Every Child Accounted For
On August 30, 1940, SS Volendam was 300 miles west of Ireland when a torpedo from U-60 struck her. She was carrying 320 children — British evacuees under the Children's Overseas Reception Board, being sent to Canada to wait out a war that no one could predict would last another five years.
The Volendam did not go down quickly. The crew had time. The 320 children were brought off the ship, transferred to rescue vessels, and returned to Scotland. Every child came home. One adult crew member died — the single casualty from a ship that had taken a wartime torpedo with 320 children aboard.

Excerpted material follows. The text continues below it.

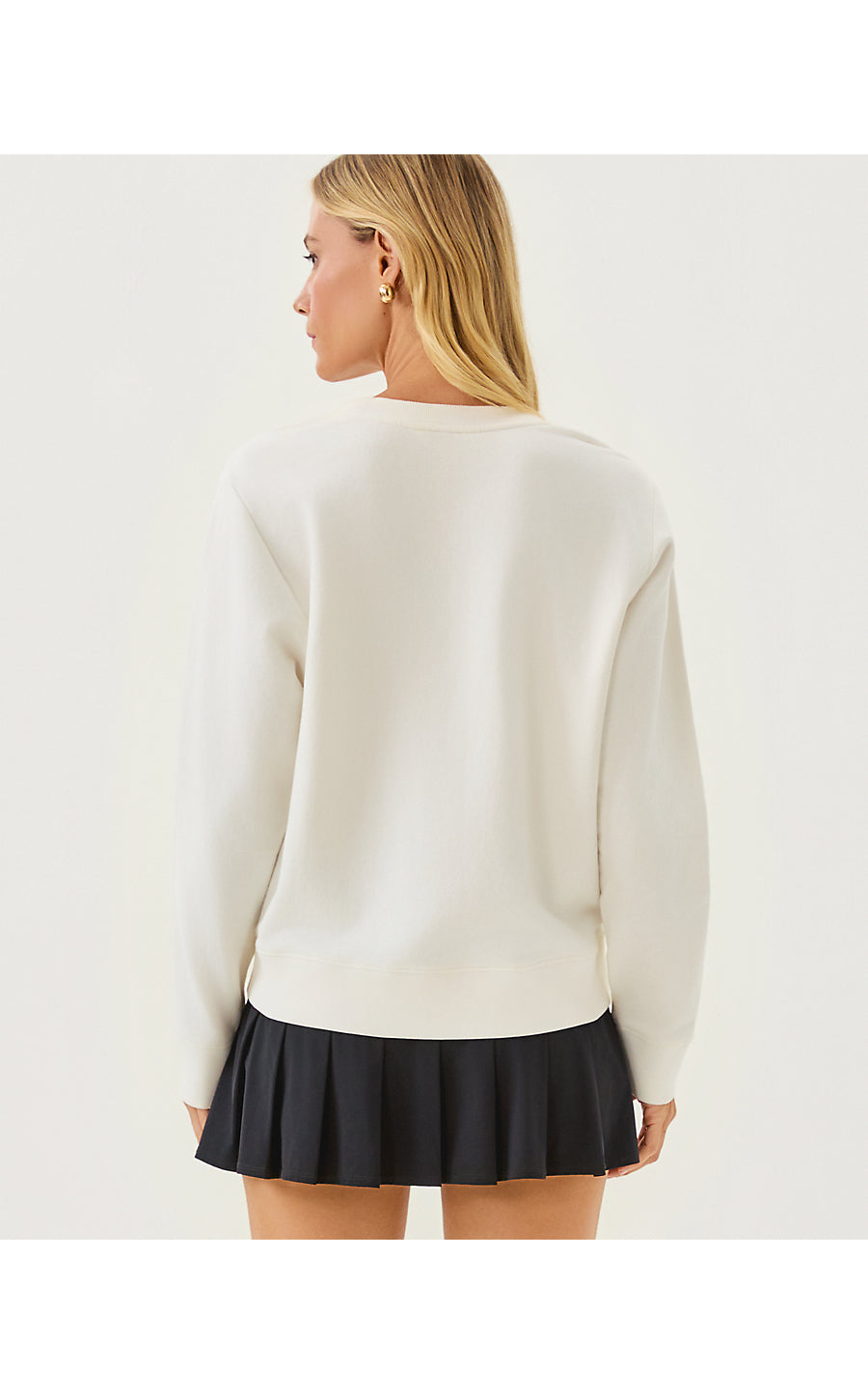 BALLAD LONG SLEEVE SWEATSHIRT, RESORT WHITE KEY WEST MONKEY GRAPHIC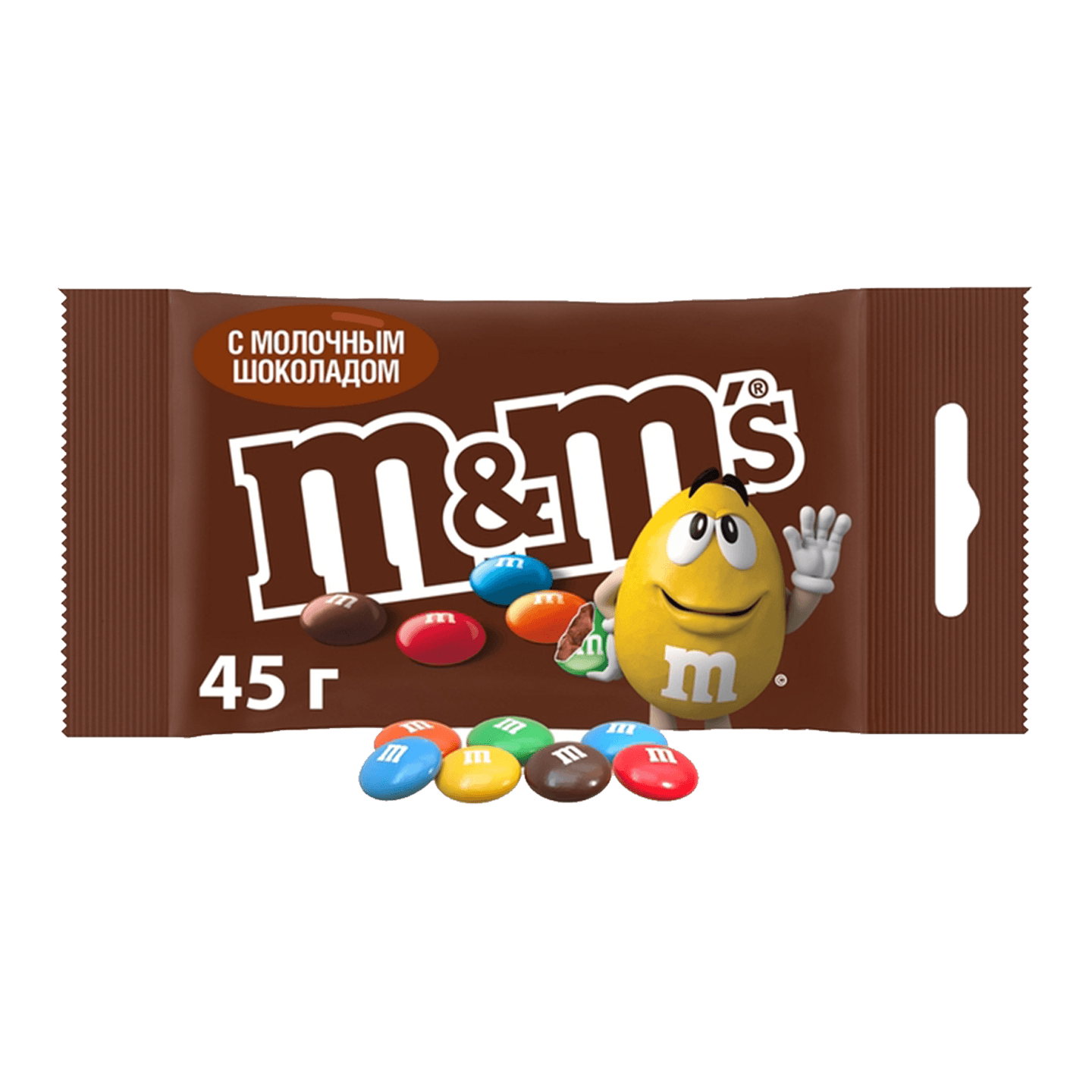 Драже «M&M's» с молочным шоколадом в глазури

Seventeen days later, on September 17, 1940, a German torpedo found the SS City of Benares. Of the 90 children she carried, 77 drowned in the North Atlantic. The CORB scheme was suspended that month and never resumed.
The Volendam survived her torpedoing, was repaired, and returned first to troopship service and then to HAL's postwar fleet. She was not scrapped until 1952. By then, the 320 children who had been handed into lifeboats by her crew were adults scattered across Britain, with children of their own.
She was a practical ship — 15,434 gross tons, built at Harland & Wolff in 1922, nothing exceptional about her design or her route. But on the afternoon of August 30, 1940, the crew did their job and every child aboard her survived. For a ship carrying child evacuees in the wartime North Atlantic, that was everything.